Botta uses the Fixpencil in his own practice, and apparently considers it an extension of his hand that fosters a "direct relationship between thought and design" and emphasises architecture's artisanal heritage.
He previously collaborated with the fellow Swiss company on a limited-edition, peacock feather-topped fountain pen in 2005.
Botta's limited-edition design for the Fixpencil is intended to bring out its hexagonal shape through a pattern of alternating rectangles that calls to mind the contrasting brickwork in some of his projects, such as the black-and-white oculus of SFMOMA.
The 1995 building has been in the headlines during recent lead-up to the opening of its new extension, which triples the existing gallery space.
Botta is yet to comment on the finished project, although when speaking to Dezeen last year, he seemed less than enthused.
"The building, as I conceived it, compared itself either with the sky or with the top of the skyscraper dating back to the 1930s at its back.
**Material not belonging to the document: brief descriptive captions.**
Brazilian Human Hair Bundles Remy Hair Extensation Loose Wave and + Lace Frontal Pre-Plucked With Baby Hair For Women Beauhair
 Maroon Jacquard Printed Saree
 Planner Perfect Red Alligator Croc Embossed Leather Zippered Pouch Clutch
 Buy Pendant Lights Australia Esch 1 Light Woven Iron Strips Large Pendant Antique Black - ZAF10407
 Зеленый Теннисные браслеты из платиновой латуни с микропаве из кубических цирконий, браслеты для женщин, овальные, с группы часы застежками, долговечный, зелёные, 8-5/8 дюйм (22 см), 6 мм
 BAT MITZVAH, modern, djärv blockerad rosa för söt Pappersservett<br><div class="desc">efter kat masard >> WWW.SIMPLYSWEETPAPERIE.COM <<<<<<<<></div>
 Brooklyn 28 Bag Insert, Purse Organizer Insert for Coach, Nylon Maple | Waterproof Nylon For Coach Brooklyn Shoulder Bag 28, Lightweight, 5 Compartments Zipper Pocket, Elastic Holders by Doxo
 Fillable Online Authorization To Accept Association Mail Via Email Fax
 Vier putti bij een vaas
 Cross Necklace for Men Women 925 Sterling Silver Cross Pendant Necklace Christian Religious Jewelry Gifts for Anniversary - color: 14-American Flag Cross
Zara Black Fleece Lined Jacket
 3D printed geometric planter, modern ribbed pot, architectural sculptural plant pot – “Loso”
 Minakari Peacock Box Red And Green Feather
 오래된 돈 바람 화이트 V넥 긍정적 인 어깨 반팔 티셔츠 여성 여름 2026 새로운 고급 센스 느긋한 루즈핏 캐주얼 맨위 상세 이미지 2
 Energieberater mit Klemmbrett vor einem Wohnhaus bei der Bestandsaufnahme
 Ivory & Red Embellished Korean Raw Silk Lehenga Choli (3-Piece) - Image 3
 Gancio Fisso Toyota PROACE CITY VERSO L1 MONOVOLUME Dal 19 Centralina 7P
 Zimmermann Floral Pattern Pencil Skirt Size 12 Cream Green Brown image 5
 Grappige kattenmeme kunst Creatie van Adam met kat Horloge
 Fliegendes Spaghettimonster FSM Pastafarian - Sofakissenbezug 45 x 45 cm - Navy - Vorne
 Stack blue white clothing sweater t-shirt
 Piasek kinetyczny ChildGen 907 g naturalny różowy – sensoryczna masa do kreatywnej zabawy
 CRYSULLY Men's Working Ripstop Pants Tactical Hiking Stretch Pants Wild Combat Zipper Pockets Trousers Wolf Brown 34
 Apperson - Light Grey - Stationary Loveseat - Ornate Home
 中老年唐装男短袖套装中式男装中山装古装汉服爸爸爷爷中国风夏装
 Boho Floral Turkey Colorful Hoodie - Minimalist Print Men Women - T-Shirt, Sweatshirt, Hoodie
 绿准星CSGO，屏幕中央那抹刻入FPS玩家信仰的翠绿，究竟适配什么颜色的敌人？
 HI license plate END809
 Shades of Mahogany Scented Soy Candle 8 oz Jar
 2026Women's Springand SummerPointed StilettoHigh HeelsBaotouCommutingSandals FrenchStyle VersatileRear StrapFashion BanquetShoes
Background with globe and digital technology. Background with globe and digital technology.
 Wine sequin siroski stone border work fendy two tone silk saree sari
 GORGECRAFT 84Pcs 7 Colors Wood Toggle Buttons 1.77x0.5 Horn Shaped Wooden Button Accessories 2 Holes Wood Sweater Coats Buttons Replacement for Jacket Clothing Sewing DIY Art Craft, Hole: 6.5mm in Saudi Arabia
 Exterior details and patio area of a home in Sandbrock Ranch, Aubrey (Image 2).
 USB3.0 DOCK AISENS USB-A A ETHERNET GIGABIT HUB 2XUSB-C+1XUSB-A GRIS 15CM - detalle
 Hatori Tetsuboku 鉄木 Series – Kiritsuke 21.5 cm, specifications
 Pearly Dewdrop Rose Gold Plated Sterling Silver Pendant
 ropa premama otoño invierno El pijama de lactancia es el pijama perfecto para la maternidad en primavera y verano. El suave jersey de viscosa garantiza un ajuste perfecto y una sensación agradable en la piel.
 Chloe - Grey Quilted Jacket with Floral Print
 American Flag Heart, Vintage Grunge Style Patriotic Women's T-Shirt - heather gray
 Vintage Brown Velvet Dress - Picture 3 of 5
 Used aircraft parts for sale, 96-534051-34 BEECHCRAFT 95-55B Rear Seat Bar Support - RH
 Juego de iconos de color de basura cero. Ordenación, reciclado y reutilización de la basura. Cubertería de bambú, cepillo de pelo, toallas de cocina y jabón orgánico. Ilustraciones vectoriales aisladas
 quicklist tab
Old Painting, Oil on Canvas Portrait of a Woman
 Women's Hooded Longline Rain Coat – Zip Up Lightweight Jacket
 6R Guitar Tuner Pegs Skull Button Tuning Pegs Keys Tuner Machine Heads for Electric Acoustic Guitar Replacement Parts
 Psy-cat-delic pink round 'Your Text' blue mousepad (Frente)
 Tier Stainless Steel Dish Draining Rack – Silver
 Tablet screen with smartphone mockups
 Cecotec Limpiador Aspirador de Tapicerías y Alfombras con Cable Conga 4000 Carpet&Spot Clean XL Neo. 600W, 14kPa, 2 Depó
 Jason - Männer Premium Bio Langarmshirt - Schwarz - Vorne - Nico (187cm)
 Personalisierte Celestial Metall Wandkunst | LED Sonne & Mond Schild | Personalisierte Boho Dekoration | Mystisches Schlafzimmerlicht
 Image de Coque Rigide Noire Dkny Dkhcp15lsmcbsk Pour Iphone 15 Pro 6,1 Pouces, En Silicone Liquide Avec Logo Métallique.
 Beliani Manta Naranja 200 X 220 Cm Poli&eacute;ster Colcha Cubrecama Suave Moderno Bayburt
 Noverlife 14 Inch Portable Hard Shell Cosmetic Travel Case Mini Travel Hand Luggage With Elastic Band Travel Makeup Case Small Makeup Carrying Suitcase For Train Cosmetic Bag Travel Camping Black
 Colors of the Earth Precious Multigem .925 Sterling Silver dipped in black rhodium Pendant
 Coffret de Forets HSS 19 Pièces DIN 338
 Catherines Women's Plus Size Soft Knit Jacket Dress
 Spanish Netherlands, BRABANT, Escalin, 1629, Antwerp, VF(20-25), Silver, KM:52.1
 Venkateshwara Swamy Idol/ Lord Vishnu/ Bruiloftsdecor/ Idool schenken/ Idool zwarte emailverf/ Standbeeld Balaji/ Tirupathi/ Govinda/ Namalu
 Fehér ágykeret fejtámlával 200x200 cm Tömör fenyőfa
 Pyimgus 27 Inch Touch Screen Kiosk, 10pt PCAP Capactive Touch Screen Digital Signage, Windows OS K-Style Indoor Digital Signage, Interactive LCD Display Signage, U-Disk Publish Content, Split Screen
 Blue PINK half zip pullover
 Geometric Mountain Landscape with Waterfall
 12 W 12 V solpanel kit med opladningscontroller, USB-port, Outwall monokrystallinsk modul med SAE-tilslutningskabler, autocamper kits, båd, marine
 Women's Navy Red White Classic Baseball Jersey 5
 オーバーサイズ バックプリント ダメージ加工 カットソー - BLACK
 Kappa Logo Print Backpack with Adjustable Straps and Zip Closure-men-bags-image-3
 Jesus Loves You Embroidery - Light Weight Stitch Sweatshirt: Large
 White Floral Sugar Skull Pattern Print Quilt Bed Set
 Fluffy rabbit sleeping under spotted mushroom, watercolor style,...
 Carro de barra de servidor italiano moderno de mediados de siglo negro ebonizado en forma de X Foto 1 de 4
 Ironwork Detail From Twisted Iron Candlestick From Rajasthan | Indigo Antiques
Now the expansion looks like a mute wall, an enlarged wardrobe," he said. "My impressions simply come from the images I saw in newspapers. I hope the accomplished work will be better and prove me wrong."
However, SFMOMA deputy director Ruth Berson said Botta had been generous in accepting alterations to his work, which included the removal of its stately granite staircase.
"He said to [Snøhetta partner Craig Dykers]: 'I've had my moment with the building, now it's your moment'," she recalled.
Botta is not the only architect branching into stationery design. Japanese architect Shigeru Ban recently launched his own take on the ballpoint pen — one with a laser-etched scale ruler along its body.
Produced in conjunction with Acme Studio, the three-faceted pen retracts when its lower and upper halves are twisted.
Other designer-led pens on the market include Marc Newson's luxury Montblanc M, which features a nib plated in rare metals inside a polished black resin case, as well as his Nautilus retractable fountain pen for French fashion house Hermes.